##### Data shown #####
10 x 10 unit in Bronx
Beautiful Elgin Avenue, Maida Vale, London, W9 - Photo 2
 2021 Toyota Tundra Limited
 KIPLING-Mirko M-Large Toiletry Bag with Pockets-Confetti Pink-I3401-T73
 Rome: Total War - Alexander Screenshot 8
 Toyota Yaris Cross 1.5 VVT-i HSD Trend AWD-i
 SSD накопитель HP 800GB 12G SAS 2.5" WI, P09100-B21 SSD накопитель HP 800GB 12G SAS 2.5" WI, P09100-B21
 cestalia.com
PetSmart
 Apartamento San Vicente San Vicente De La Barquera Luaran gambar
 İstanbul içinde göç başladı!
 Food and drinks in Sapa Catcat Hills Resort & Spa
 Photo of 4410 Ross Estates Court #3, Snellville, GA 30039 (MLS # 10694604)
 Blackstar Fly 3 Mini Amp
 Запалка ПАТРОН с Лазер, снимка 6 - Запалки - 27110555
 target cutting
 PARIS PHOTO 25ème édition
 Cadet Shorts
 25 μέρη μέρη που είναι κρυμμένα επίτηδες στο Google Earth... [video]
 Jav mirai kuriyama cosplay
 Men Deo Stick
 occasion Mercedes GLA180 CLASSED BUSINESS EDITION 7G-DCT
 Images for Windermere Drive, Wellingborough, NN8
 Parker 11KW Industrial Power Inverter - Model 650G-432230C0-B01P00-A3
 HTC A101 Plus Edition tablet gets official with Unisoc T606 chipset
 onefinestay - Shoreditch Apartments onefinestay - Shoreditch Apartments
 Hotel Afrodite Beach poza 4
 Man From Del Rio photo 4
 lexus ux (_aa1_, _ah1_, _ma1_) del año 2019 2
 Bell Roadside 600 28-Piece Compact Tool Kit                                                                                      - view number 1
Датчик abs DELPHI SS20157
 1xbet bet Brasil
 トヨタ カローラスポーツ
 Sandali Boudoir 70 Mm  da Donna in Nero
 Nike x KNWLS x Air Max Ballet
#####
> [What is needed]: What is needed is every line from the start of the entries through the line containing "Toyota Yaris Cross 1.5 VVT-i HSD Trend AWD-i", returned word for word and nothing else.

> [Completed exercise]:
10 x 10 unit in Bronx
Beautiful Elgin Avenue, Maida Vale, London, W9 - Photo 2
 2021 Toyota Tundra Limited
 KIPLING-Mirko M-Large Toiletry Bag with Pockets-Confetti Pink-I3401-T73
 Rome: Total War - Alexander Screenshot 8
 Toyota Yaris Cross 1.5 VVT-i HSD Trend AWD-i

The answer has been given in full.